Any film-goer who lacks that conspicuous odour of pretentiousness should mutter a silent groan each and every time they witness those dreary seven words “the following is based on actual events” (or some variation). This is not an attempt to apologise for escapism; rather, there is a structural shallowness to reality which far too often makes for poor storytelling. Tinseltown’s appeal is largely built on this distinction so it shouldn’t come as a surprise that Hollywood is impressively incompetent in the real world. We the people have looked on at the poor saps in their enclosed tower of delusion as their personal lives fall apart with hilarious regularity, all too keenly aware of the irony enclosed in Hollywood’s credibility-lacking lectures on compassion and the proper operation of society. There’s no malice in saying all of this—Hollywood’s expeditions into reality have previously been seen as cute and nothing more. The problem has arisen ever since Hollywood’s traditional perception of loftiness broke down. Reality and other related concepts have been shattered beyond recognition in the past year; surreality is the new normal and is permeating throughout society. This uncanny bridging of reality and anti-reality has driven Hollywood far outside of their artistic safe spaces, and the results are dull social commentaries and even worse movies.

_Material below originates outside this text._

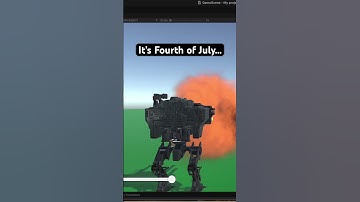 #blender #unity #gameengine #minecraft #unitygamedev #3dengine #gaming #unitydev #unity3d #tutorial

The origins of this poignant surrealist air to modern politics would constitute its own discussion beyond the goals of the author, what can not be denied remains that as a phenomenon it has far-reaching cultural dimensions. The cocktail of truth and delusion that has created our current societal waking dream has been recognised almost universally, phrases often traded around are “post-truth” or “alternative facts,” but these all identify the same phenomenon—the cultural bubbles and echo chambers that result from a society where communities are opt-in only has normalised all manner of intellectual taboos. Conventions that were once thought certain via consensus are now challenged freely while near extinct fringe positions are argued for unabashedly, the result is a strange sensation that results from the “truth” of the past and these modern “post-truths” being stated with an identical aesthetic of legitimacy. This is the sensation of surreality. In this new normal the once cute and pathetic forays of fictionists like Hollywood into genuine commentary appear awkward, nonsensical and especially disconnected.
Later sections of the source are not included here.